### WHAT TO DO
All lines in the records below from the line with "1 0144960 3" through the line with "Carbon composition resistors" are to be given again exactly, both ends included; the pictures are to be left out.

- - -

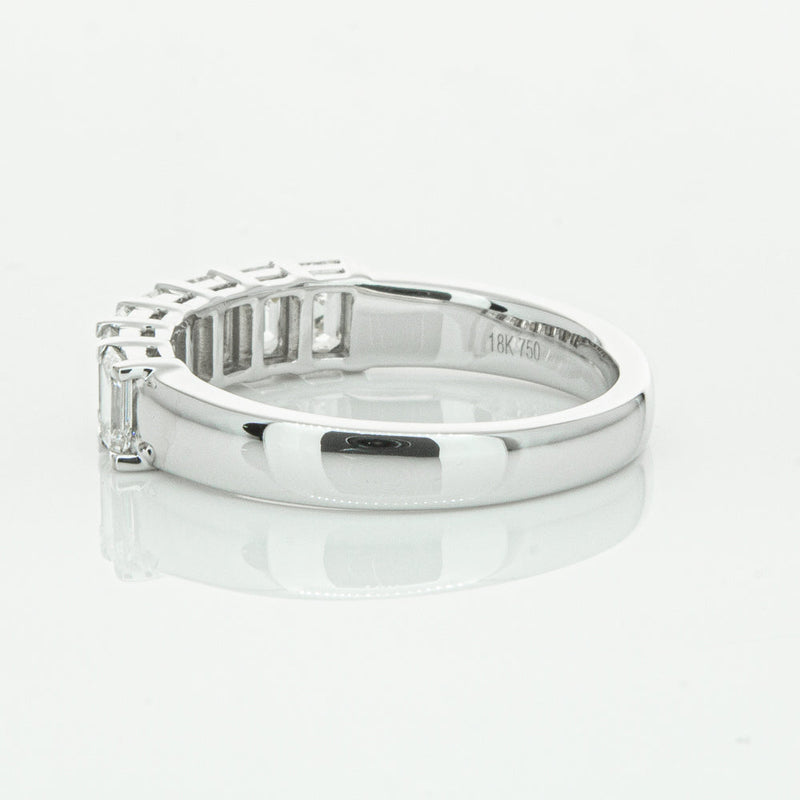 18ct White Gold 1.36ct Emerald Cut Diamond Asra Ring-Ring-Walker & Hall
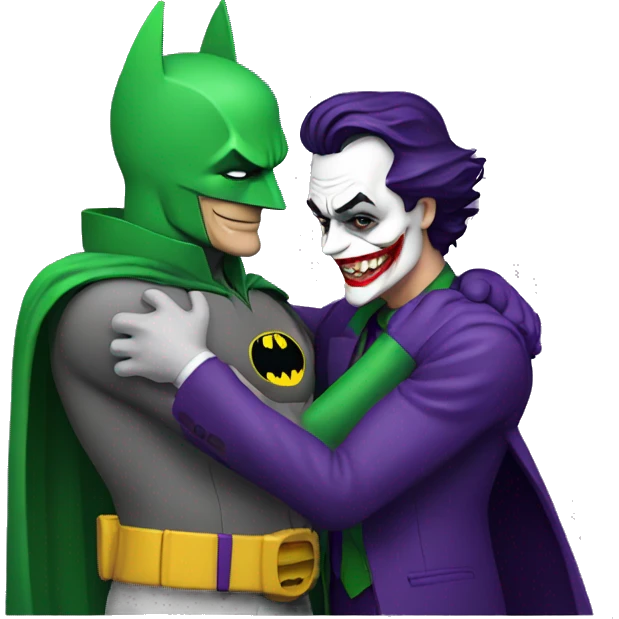 Batman hugging the joker emoji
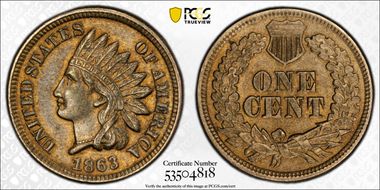 1863 1C AU58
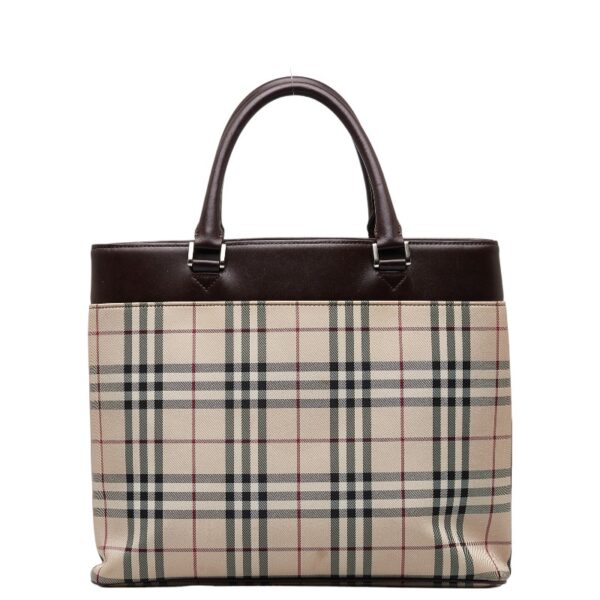 1 0144960 3 Burberry Nova Check Tote Bag Handbag Beige Brown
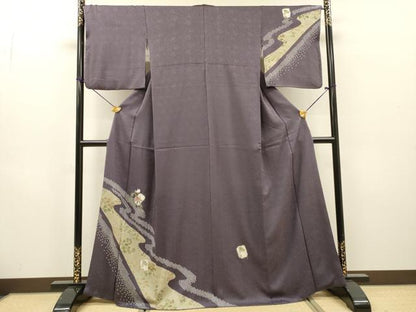 平和屋着物▼訪問着　刺繍　絞り　流水色紙花文　金彩　正絹　逸品　DABH7287fe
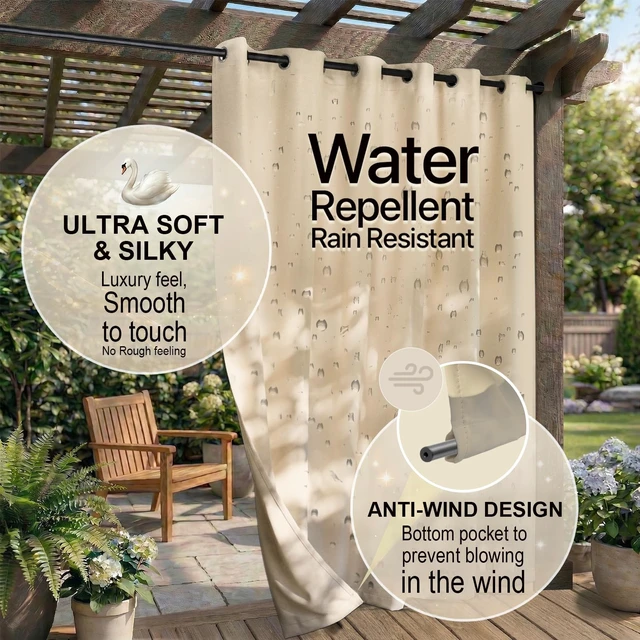 Alt view image 4 of 7 - Outdoor Patio Curtain Waterproof Darkening Thermal Insulated Indoor Curtains for Bedroom, Porch, Living Room, Pergola, Cabana, W105 x L120 Extra Wide Room Divider, Beige, Set of 2 Panels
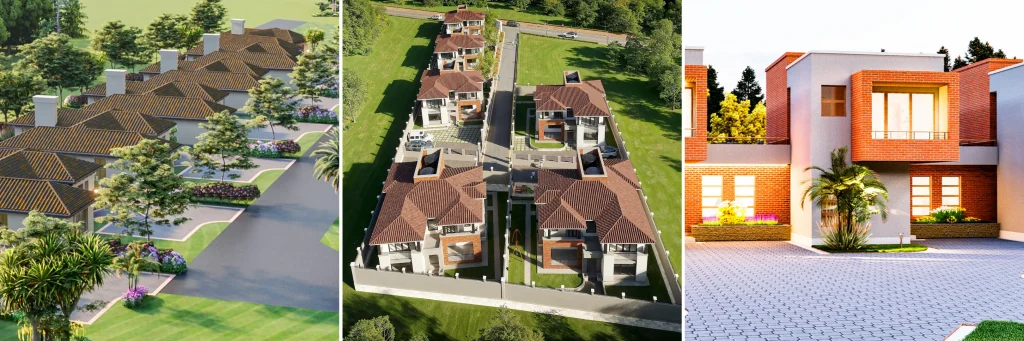 From L - R: The serene surroundings of La Valle Estate, Terra Vista Enclave, and luxury living of Domus Mpanja.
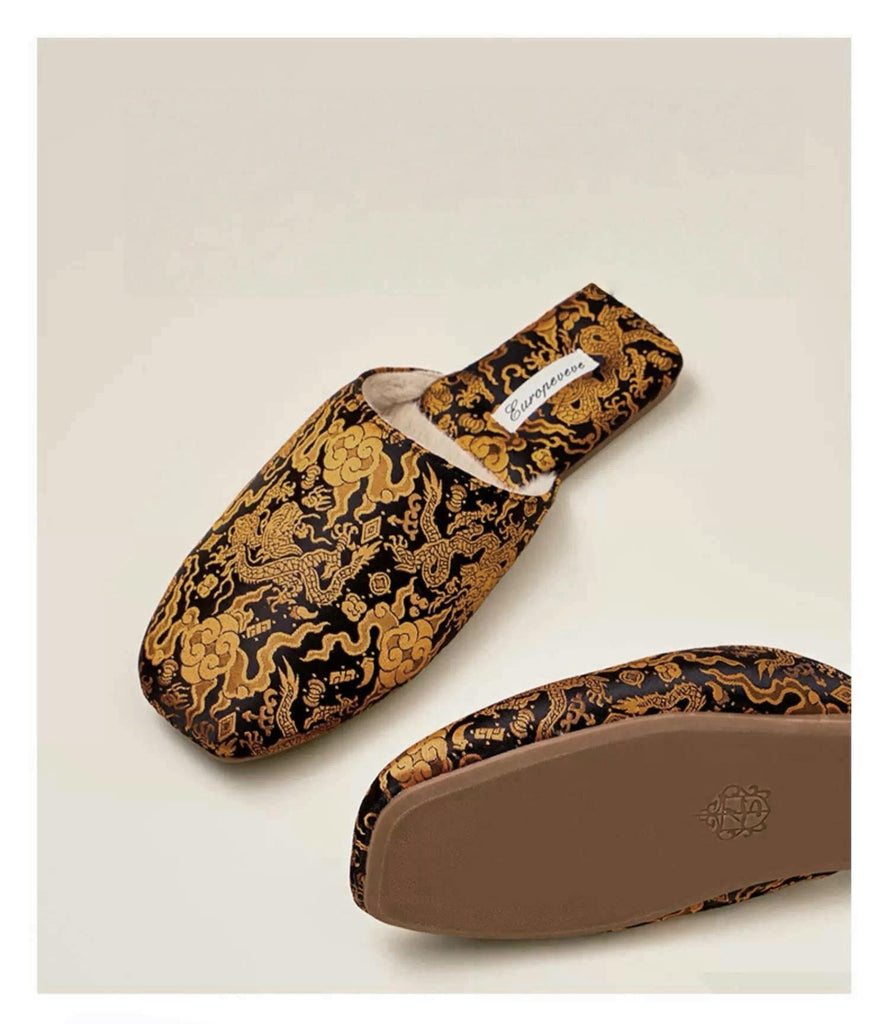 Dragon Embroidery Slippers for Men and Women Oversized Indoor Slippers for Summer Slip On Mule with Oriental Dragon Footwear Gift for Father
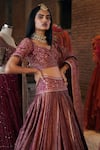 Tarun Tahiliani_Purple Brocade Leaf Neck Woven Bridal Lehenga Set _Online_at_Aza_Fashions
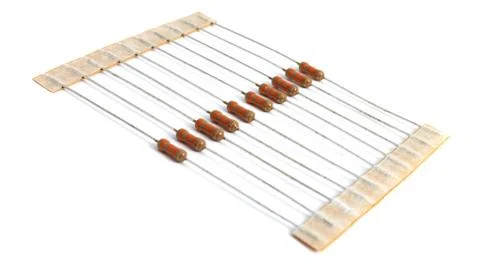 Carbon composition resistors - electronic component on white background Stock Photos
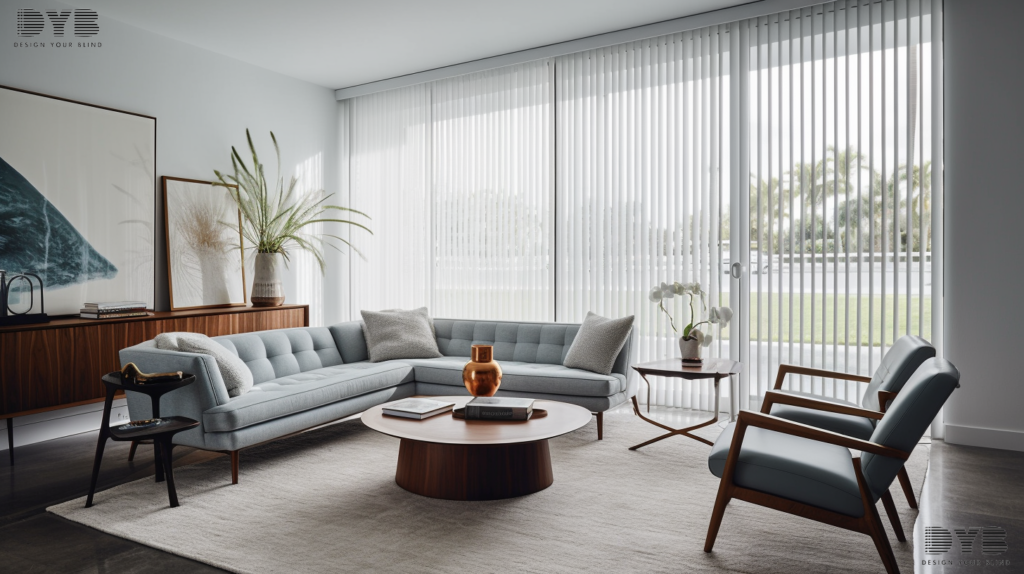 Living room with vertical blinds in Delray Beach, Florida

- - -

### REPLY
 1 0144960 3 Burberry Nova Check Tote Bag Handbag Beige Brown
 平和屋着物▼訪問着　刺繍　絞り　流水色紙花文　金彩　正絹　逸品　DABH7287fe
 Alt view image 4 of 7 - Outdoor Patio Curtain Waterproof Darkening Thermal Insulated Indoor Curtains for Bedroom, Porch, Living Room, Pergola, Cabana, W105 x L120 Extra Wide Room Divider, Beige, Set of 2 Panels
 From L - R: The serene surroundings of La Valle Estate, Terra Vista Enclave, and luxury living of Domus Mpanja.
 Dragon Embroidery Slippers for Men and Women Oversized Indoor Slippers for Summer Slip On Mule with Oriental Dragon Footwear Gift for Father
 Tarun Tahiliani_Purple Brocade Leaf Neck Woven Bridal Lehenga Set _Online_at_Aza_Fashions
 Carbon composition resistors - electronic component on white background Stock Photos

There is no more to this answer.